POLITICS OF WATER



SIAL Team:
    Mark Burry
    Dominik Holzer
    Mark Taylor


Upper Pool Design Studio | Studio Coordinators:
Prof. Mark Burry, Dominik Holzer, Malte Wagenfeld, Mark Taylor

Links: Procedures | Schedules | Water Pages


Course Details
This is a Design Studio giving equal emphasis to architecture and industrial design. The course is coordinated at RMIT by Prof. Mark Burry, Dominik Holzer and Malte Wagenfeld and at Queensland University of Technology, Brisbane by Mark Taylor.

Lectures and studio sessions will take place every week in the Spatial Information Architecture Laboratory (SIAL) located on level 2 in Building 9; on Thursdays between 6:00 pm and 09:30 pm. Participants will have access to work in the SIAL student laboratory in Building 8, level 8 room 44 and can book time in the SIAL modelling workshop in building 9.

The course is open to upper pool architecture and year 3 industrial design students.


Introduction
Of all the continents, Australia is the second driest. Whilst not suffering the full effects of severe water shortage, such as famine, the country suffers at least economically from cyclical drought. This lack of water predominantly affects the rural sector, but may lead to city-wide rationing. As one of the world’s most urbanised countries, the severe effects beyond the metropolitan areas may be manifested only marginally within. Whereas farm stock has to be sold off at a fraction of their value or slaughtered as a consequence of water shortage in one domain, the affects in the other might be to impose restrictions on how much water may be squandered irrigating exotic plants in suburban gardens.
National water management is not necessarily the primary interest of the designer, but an awareness of important issues such as quality and abundance (or scarcity) can be.

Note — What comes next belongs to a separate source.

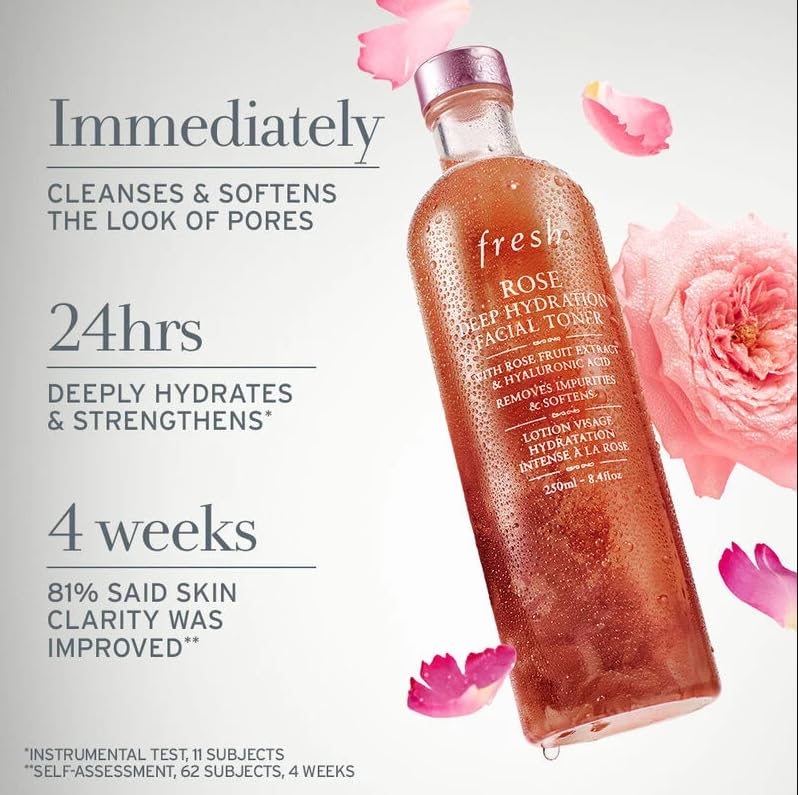 Liquid dispenses onto skin from Fresh Rose Toner, prepping for serums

Design and politics and the social climate (weltanschauung) have always had a very strong if often overlooked or little understood relationship. The designed object, be it an appliance or a building, is highly charged with signifying qualities, packed with messages, meanings, values, desires, and politics. These signifying qualities are often so familiar that they become invisible or obscured. However, if almost any designed object is looked at closely, why and for whom it was designed, its form and material, colour and texture analysed, it will be discovered that not only does it reveal something about itself, but equally something about the society which created it. Design does not travel along some theoretical evolutionary timeline of quantifiable visual progression and technical improvement. Changes in design are much more profoundly linked to changes in the socio-cultural and political context than to technological and scientific developments. What we may consider relevant and contemporary at a given time context (i.e. 2004) relates to how we as a society view the world, what are our fears and aspirations, our fascinations, desires and values.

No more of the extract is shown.